▶ [TASK DESCRIPTION]:
Look through the data below and extract, unchanged, the lines from the one that contains "Aerial view of" to the one that contains "Groom Portrait in", both included.

▶ [GIVEN ENTRIES]:
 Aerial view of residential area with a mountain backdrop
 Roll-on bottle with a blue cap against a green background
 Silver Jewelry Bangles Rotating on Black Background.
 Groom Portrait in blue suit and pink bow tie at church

* * *

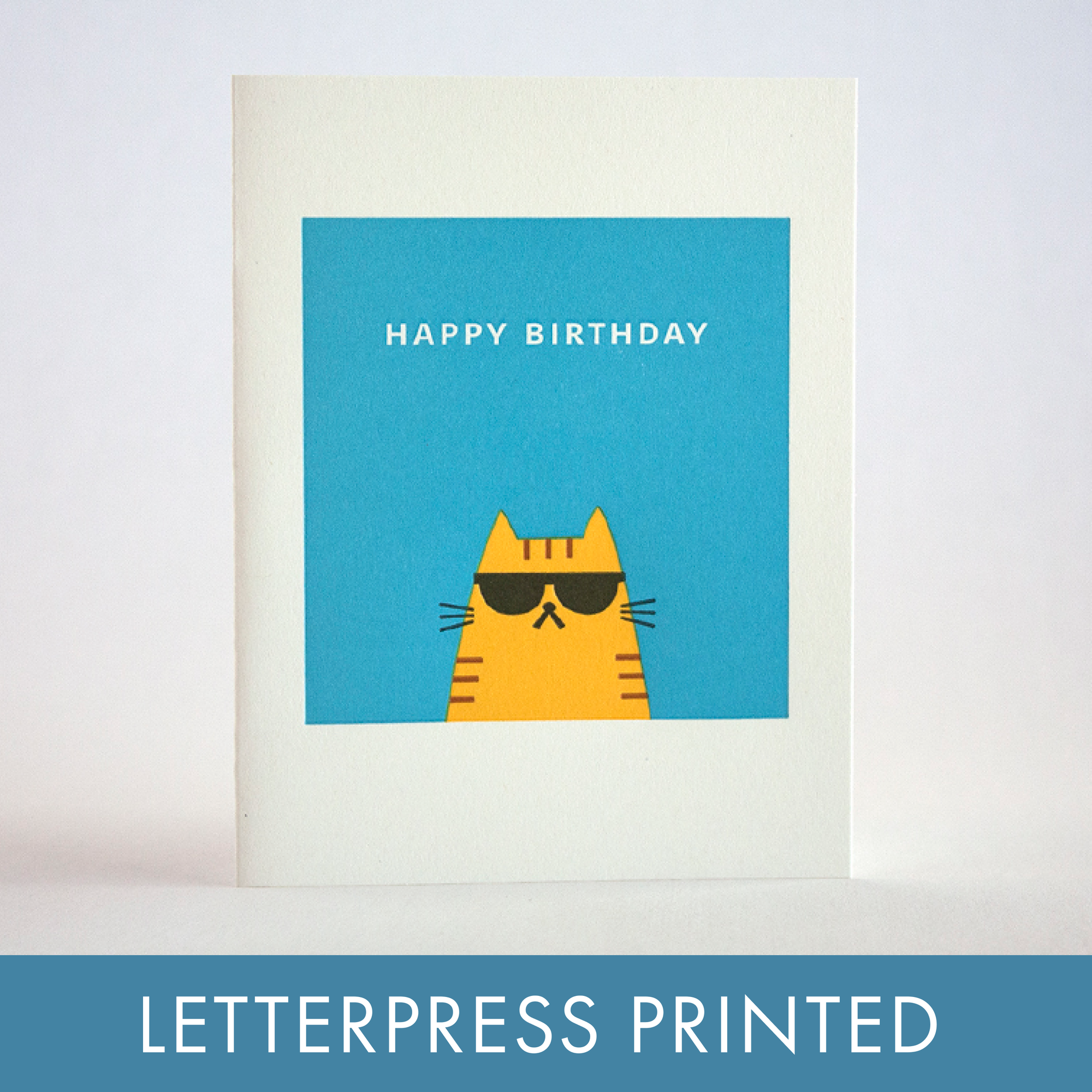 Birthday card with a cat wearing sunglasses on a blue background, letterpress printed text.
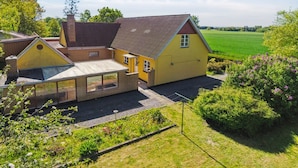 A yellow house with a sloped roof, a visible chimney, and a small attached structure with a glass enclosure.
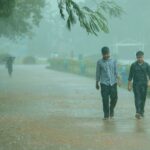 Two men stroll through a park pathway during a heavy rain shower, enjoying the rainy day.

▶ [WRITTEN RESPONSE]:
 Aerial view of residential area with a mountain backdrop
 Roll-on bottle with a blue cap against a green background
 Silver Jewelry Bangles Rotating on Black Background.
 Groom Portrait in blue suit and pink bow tie at church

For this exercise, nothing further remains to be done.